October 2025

In the last month, Sensible released advanced configuration options for layout-based extraction methods and added support for extracting from XLSM files.

Improvement: Preprocessor now splits lines on matched pages

When preprocessing your document, you can now split lines on matching pages using the new Match parameter. For example, use this parameter to target typewritten pages in a document that otherwise contains pages with digital fonts.

Improvement: Advanced configurability for Box method

For the Box method, you can now relax the criteria by which Sensible determines that a box "contains" lines. For example, use the new Percent Overlap X and Percent Overlap Y parameters to extract poorly aligned box contents:

Improvement: Output document's file type

With the Get File Metadata method's new Content Type enum, you can output the document's MIME content type to the extraction's parsed_document output. For example, you can use the Conditional method to extract a set of fields based on whether a document's file type is image/jpeg. For more information, see the Get File Metadata method.

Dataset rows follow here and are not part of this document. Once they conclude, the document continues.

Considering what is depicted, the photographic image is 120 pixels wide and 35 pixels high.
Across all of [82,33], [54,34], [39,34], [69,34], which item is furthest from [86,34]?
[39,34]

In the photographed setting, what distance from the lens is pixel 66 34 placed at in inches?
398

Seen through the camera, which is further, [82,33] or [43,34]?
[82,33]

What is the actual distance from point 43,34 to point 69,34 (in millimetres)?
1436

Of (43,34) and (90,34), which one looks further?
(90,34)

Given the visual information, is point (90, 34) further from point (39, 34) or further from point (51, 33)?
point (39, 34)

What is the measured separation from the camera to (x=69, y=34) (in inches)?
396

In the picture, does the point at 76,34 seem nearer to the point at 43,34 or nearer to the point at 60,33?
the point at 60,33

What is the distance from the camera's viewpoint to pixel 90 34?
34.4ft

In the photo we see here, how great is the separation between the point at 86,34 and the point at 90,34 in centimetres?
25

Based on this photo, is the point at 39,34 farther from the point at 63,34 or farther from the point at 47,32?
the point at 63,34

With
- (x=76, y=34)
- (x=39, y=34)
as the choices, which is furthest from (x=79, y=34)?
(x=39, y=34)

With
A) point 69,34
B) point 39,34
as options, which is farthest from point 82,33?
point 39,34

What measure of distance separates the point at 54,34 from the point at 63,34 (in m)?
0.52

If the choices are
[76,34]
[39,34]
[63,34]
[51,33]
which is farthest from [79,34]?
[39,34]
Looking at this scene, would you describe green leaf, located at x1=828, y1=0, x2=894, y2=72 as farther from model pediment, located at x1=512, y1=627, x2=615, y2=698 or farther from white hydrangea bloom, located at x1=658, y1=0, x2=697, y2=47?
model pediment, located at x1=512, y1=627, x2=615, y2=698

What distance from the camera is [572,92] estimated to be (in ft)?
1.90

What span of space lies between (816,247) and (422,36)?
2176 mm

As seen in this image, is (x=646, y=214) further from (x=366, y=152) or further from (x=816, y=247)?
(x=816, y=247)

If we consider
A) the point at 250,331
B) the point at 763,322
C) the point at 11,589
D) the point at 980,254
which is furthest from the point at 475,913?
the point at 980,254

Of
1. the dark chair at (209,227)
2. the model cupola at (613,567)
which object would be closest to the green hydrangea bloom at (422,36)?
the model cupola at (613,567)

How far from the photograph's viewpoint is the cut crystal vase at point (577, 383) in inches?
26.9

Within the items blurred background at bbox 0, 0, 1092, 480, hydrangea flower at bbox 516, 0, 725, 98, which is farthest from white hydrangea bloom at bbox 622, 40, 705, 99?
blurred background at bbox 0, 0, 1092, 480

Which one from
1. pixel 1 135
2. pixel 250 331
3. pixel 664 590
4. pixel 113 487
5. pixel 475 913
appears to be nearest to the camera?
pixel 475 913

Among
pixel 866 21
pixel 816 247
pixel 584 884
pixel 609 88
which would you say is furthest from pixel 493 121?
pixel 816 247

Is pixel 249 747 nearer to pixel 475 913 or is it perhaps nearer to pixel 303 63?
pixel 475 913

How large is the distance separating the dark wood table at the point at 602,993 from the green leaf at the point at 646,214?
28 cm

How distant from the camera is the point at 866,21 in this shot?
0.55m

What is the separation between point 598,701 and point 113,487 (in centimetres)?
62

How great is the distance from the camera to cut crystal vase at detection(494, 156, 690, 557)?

Improvement: Reduce large output size when postprocessing

When you specify a completely custom schema for your extracted document data using a JsonLogic postprocessor, you can now suppress outputting data in the default parsed_document schema. For example, if you want to reduce the size of the extracted output or you're interested solely in the postprocessor output, you can set the new Keep Parsed Document parameter in the postprocessor to false. Setting it to false disables human review and Excel output.

New feature: Support for XLSM documents

Sensible now supports data extraction and classification for XLSM documents. For more information, see Supported file types.